## The problem
Could you retype exactly the line containing "TRAGEDIE! O femeie" and every line after it in the data below, leaving out the pictures?

--- The data ---

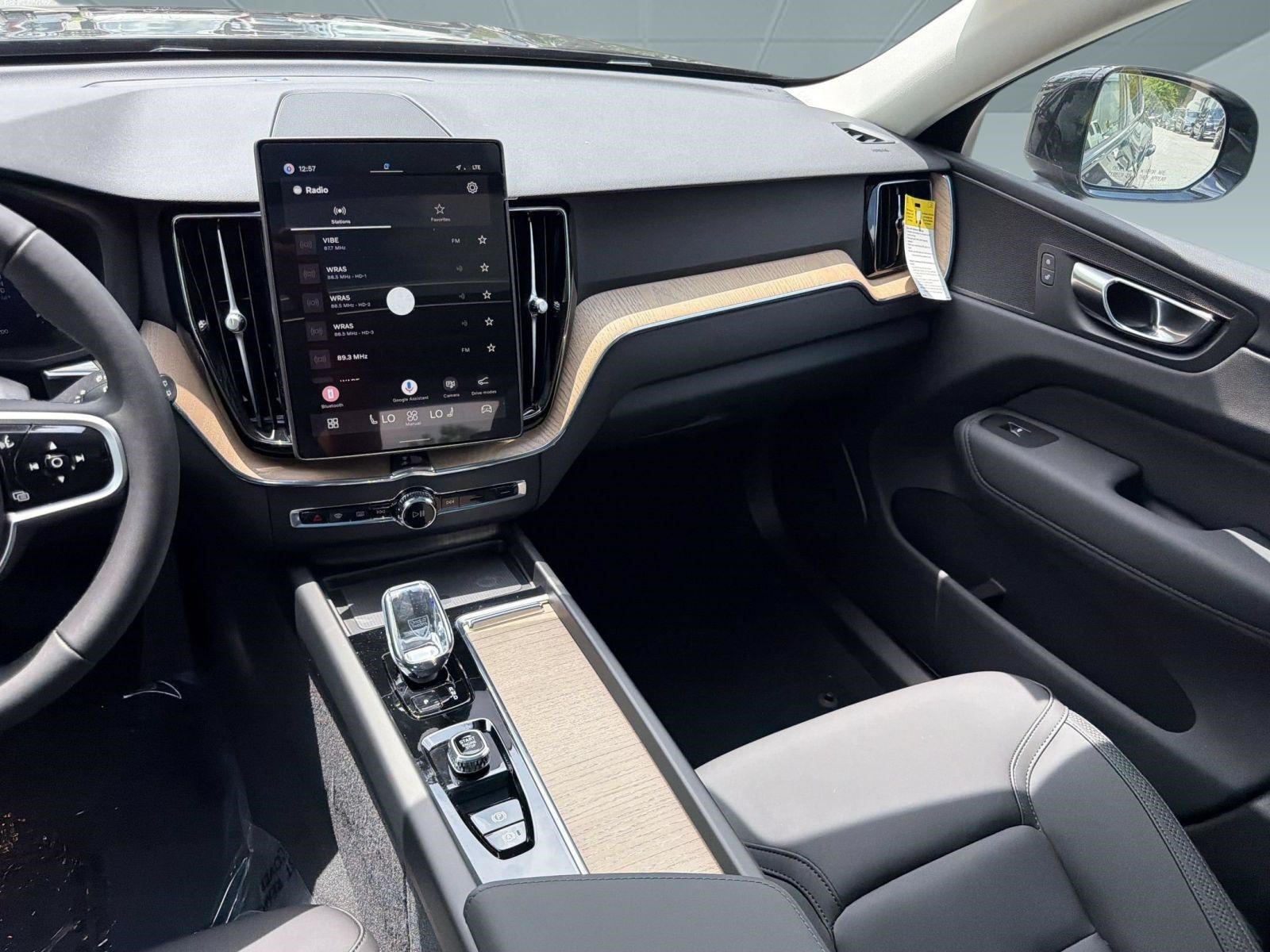 New 2026 Volvo XC60 B5 Plus AWD/4WD image 28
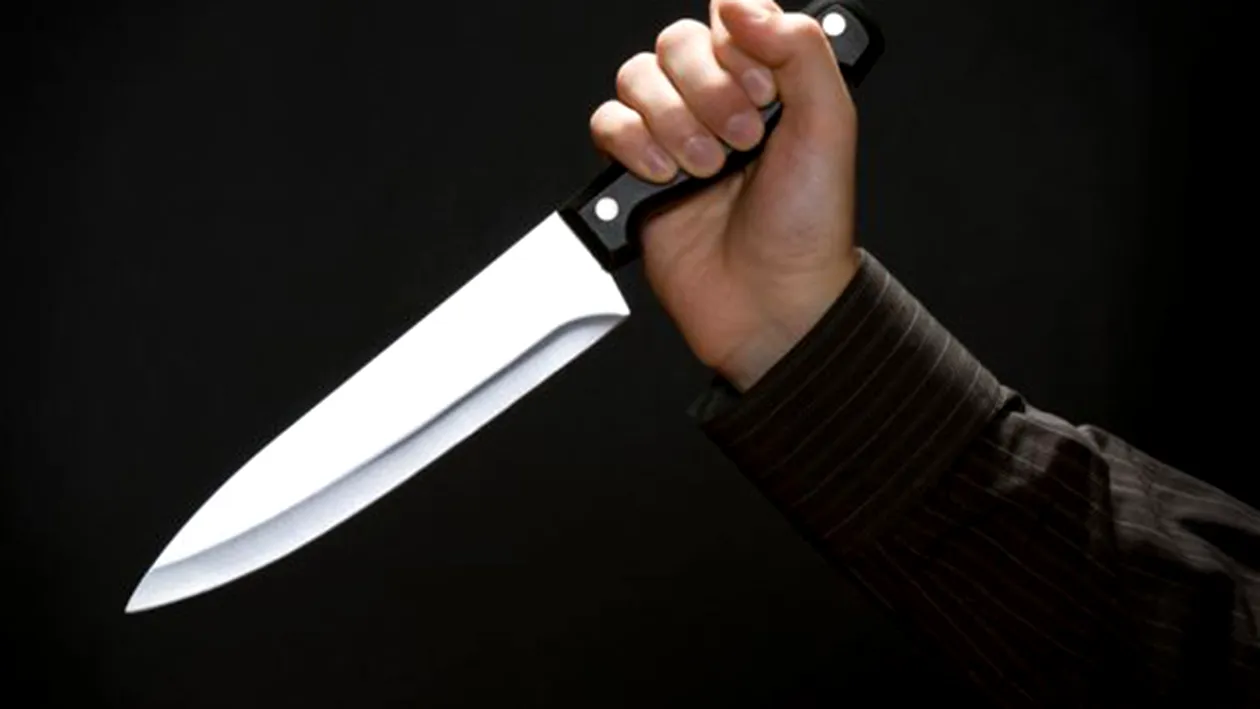 TRAGEDIE! O femeie a fost ucisa cu mai multe lovituri de cuţit pe o strada din Slatina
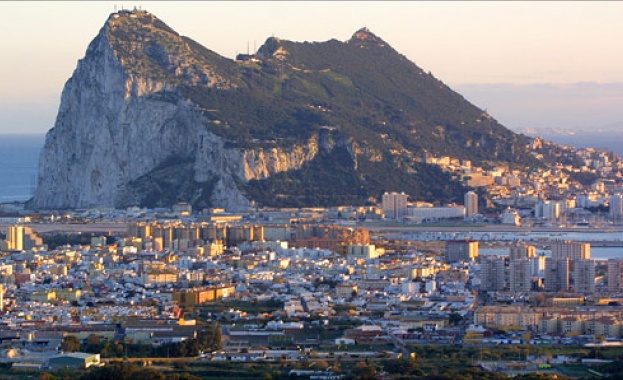 Висшето ръководство на Гибралтар снощи обвини испански митничари в тежко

---

## Solution for this task
 TRAGEDIE! O femeie a fost ucisa cu mai multe lovituri de cuţit pe o strada din Slatina
 Висшето ръководство на Гибралтар снощи обвини испански митничари в тежко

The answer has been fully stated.